私は書くのが遅い方で、学びなおしたり、調べたりする時間もちゃんと取りたいので、記事を大量生産することはできません。かと言って、記事の更新頻度も気になるので、「人文知」とはほど遠い、日々気づいたことや考えたことも、日記やエッセイ風に気軽に書いていこうとも思います。


モノガタリストとして

「モノガタリスト」は、「物語+ist」のことで私が勝手に作った造語です。簡単に言うと、「物語の担い手」です。

モノガタリストは必ずしも物語を作る人や語り部だけではなく、物語を伝える人、物語を語り継ぐ人、物語に心を動かされた人を包括するのがモノガタリストです。


そして、物語を中心に世界を捉えなおそうとする考えを、私は「モノガタリズム」と言っています。
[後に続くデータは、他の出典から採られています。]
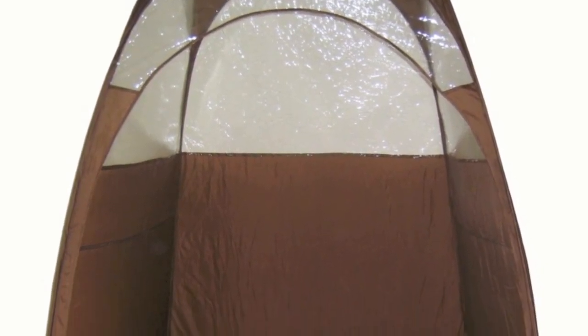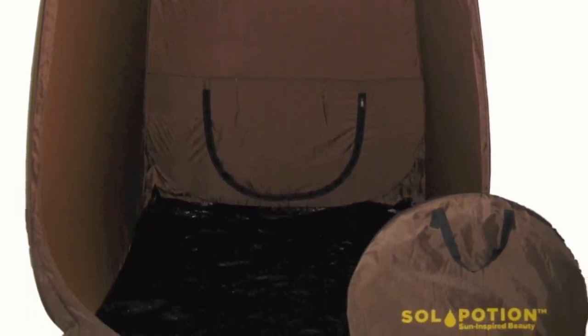The SoulPotion Sunless Tanning Tent is the perfect containment system for the mobile technician, salon, or spa. The tent is lightweight and comes with a carry case to make travel easy.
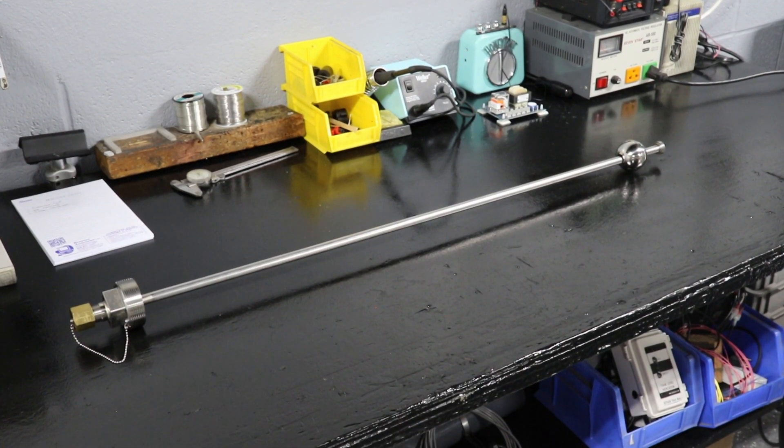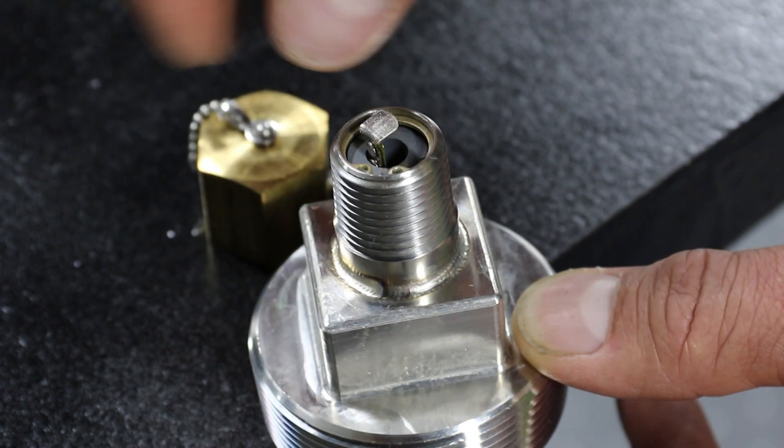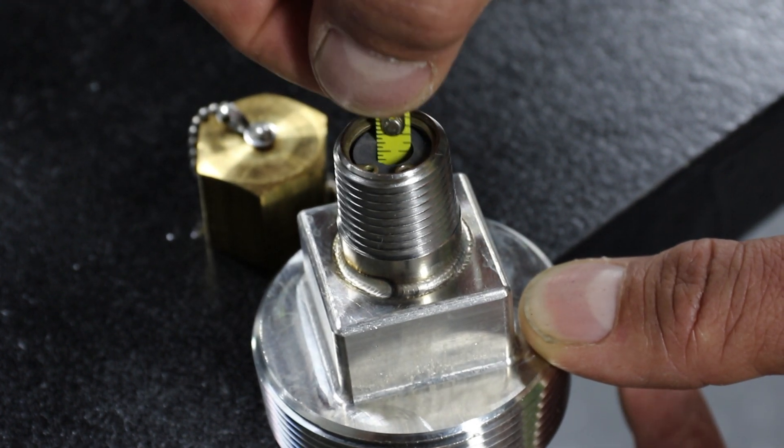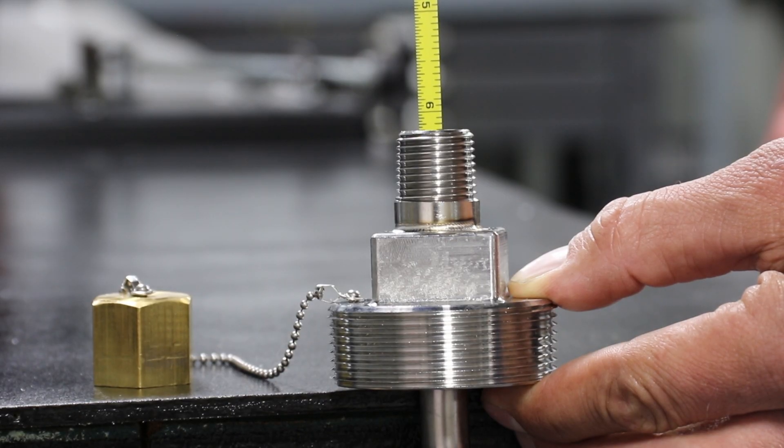A great way to check the liquid level of your tank is to use a liquid level tape measure. There's a magnet on the tape as well as an internal float. Simply pull the tape until you feel the two magnets lock, then take your measurement.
モノガタリズムも造語で、「物語+ism」の合成語です。


物語というと小説や映画などの作品の世界の物語と思われるかもしれませんが、現在のような作品としての物語の歴史はそれほど長くなく、物語はもともと小説や映画などの作品の枠にとどまる個人的なものではなく、人々の共有のものとして機能していました。

物語とは文字通り「物を語る」ことで、もともとは語りがベースの口承物語で、長い歴史があります。ギリシャ神話は紀元前8世紀頃に遡ると考えられていますが、そのギリシャ神話に出てくるアテナはアテナイというポリス都市を守る神であり、共同体のアイデンティティでもありました。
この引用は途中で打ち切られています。